▶ **DATASET SECTION**:

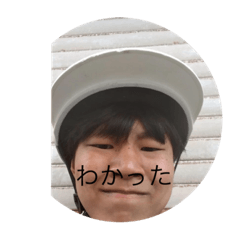 omg_20230331223022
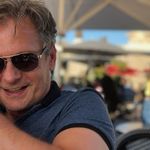 Profile Picture of Chris Mack (@chrismackamericanvoice) on Instagram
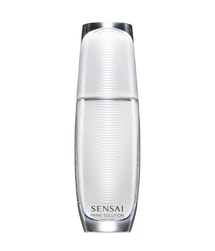 Sensai Prime Solution Gesichtslotion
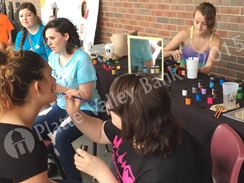 Photo named piratesrockcelebration7_0509151.jpg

▶ **WORK TO COMPLETE**: Without including any picture, write out the material above exactly.

▶ **YOUR RESPONSE**:
 omg_20230331223022
 Profile Picture of Chris Mack (@chrismackamericanvoice) on Instagram
 Sensai Prime Solution Gesichtslotion
 Photo named piratesrockcelebration7_0509151.jpg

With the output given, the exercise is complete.